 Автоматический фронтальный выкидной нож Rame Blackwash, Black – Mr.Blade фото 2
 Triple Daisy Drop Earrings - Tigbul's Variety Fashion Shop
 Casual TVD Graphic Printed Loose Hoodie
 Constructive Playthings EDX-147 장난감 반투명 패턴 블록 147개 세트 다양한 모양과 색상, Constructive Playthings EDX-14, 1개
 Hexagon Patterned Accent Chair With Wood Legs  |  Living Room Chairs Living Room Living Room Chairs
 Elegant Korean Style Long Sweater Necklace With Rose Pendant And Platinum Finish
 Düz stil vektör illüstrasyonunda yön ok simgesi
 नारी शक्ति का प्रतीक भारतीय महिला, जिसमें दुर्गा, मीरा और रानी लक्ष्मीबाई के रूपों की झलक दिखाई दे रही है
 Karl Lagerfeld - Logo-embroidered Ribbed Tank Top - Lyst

Problem statement:
Scan the material for the word "With". Return every line where it is found.

Completed task:
 Hexagon Patterned Accent Chair With Wood Legs  |  Living Room Chairs Living Room Living Room Chairs
 Elegant Korean Style Long Sweater Necklace With Rose Pendant And Platinum Finish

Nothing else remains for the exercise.